Sunday, November 29, 2009

Funk

I am just in a giant funk. I have tons of reasons to be happy and thankful, but I just feel rotten and dissatisfied.

1. I'm not pregnant yet. I had the HSG test where they put the catheter of dye in you and all that and then ultrasounds of all my lady business. Everything checked out. So, my "baby factory" is structurally sound. Yay. Husband's "raw material" is sound. Yay. Still not pregnant. Boo. My wacko endocrinologist also put me on Metformin to help with PCOS because my testosterone was kinda high, but the number I saw over her shoulder didn't seem high and the ultrasound didn't show any problems... Also, that shit makes me sick to my stomach all the time and I've gained weight since starting it, which is the opposite of what happens to most people. Ugh. I need a new endocrinologist and to make another appt. with the gyno. In the meantime, I am weaning off the Metformin. If my doc wants me on it again, I can go on it again. I'm just so damn tired of being sick and I'm not convinced that it's worth it. Oh, and I have ZERO sex drive, which makes getting pregnant a little difficult.

2. I'm depressed. All I want to do is sleep. I've quit falling asleep in front of my classes, but only barely. Whenever I'm home I nap, lie on the couch, and play on the computer. I barely have the energy to cook, clean, or do anything around the house. I do some long-distance running, but I only do it once or twice a week because I can't find the energy to work out during the week. I have no excuse. I have no one else to take care of.

3. I keep gaining weight. I know that working out more and eating less would help, but honestly, I'm not really eating that much. I'm drinking lots of calories, though...

4. I drink too much. Not alcoholic too much, just too often. Too many calories. Too much dehydration for running. Also not helpful with trying to get pregnant. Without exercise it is the one way that I can get some relief from the stress and craziness.

5. I don't have much energy for my job. Some days I just don't care. I think that it's about the lack of energy. All I want to do is sleep or read or leave school somehow. I hate it. I'm not lazy. I really like what I do. I just don't have any energy.

So. Whine, whine, whine.

Wednesday, September 23, 2009

A trip to the endocrinologist today

Thinks my testosterone is too high. Thinks that I do have PCOS (thought maybe not before). Wants me to take Metformin. Should help me get pregnant. Also have thyroid issues that are being treated.

I'm really nervous about this. I'm not really sure why. Maybe because they weren't sure about PCOS before, although it was always a possibility. Didn't want to be hasty. If it doesn't work or it's clear that it's not helping I can stop taking it. And it might help.

Argh. And at the same time, crossing my fingers.

Tuesday, September 22, 2009

No. I don't have any news.

We've been trying to get me pregnant since last spring. Spring a year ago. We did take a few months off last fall when hubby got depressed, but otherwise, we've been doing all the things that you're supposed to. And I'm still not pregnant.

There are approximately 1 million reasons I might not be.

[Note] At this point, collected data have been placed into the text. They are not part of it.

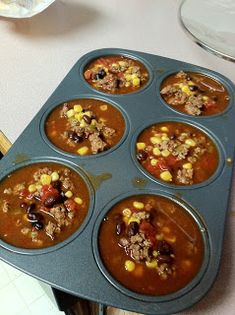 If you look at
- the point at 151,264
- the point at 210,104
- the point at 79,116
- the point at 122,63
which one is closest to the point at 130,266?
the point at 151,264

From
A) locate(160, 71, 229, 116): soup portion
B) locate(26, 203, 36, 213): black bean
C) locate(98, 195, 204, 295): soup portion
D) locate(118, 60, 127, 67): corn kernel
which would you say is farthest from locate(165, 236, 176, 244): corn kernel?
locate(118, 60, 127, 67): corn kernel

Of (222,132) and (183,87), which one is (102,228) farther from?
(183,87)

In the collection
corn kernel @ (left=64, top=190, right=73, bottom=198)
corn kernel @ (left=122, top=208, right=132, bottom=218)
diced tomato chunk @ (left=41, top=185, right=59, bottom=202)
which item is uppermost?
diced tomato chunk @ (left=41, top=185, right=59, bottom=202)

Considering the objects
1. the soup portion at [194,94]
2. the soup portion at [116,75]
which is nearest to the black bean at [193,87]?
the soup portion at [194,94]

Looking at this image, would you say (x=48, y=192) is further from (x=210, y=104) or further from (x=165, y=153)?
(x=210, y=104)

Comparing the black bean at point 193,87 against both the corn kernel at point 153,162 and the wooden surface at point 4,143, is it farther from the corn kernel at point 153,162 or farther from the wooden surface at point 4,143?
the wooden surface at point 4,143

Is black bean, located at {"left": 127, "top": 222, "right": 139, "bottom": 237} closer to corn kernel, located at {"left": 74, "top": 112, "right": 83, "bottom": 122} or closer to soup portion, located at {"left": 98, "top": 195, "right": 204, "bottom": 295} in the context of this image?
soup portion, located at {"left": 98, "top": 195, "right": 204, "bottom": 295} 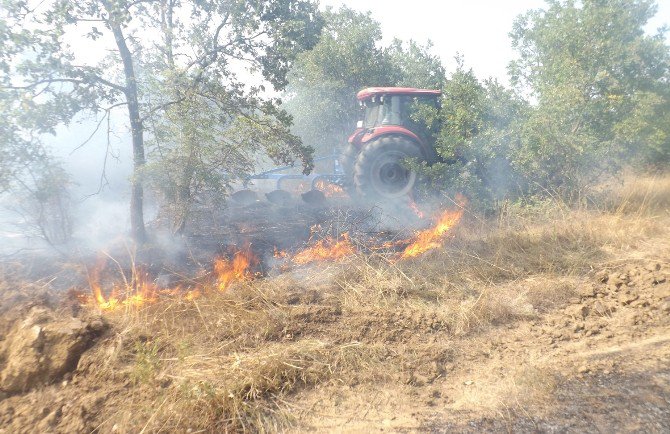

I've been to the doctors and all that, so I'm doing what I can do. All I really want to share is that I'm waiting and waiting and waiting, either to pee on a stick or for my period to come. Again.

I hate this. I hate waiting. I wish I could know rather than getting my hopes up for two weeks and then have them crushed. Oh well. It could be worse. I'm just whining.

Thursday, October 16, 2008

Depression

I'm not doing all that well right now. I feel useless and lack energy most days even though I'm eating well and exercising. I'm managing to hang on and not cry too often. It's been a day or two. And see below for the irritability that I've been dealing with.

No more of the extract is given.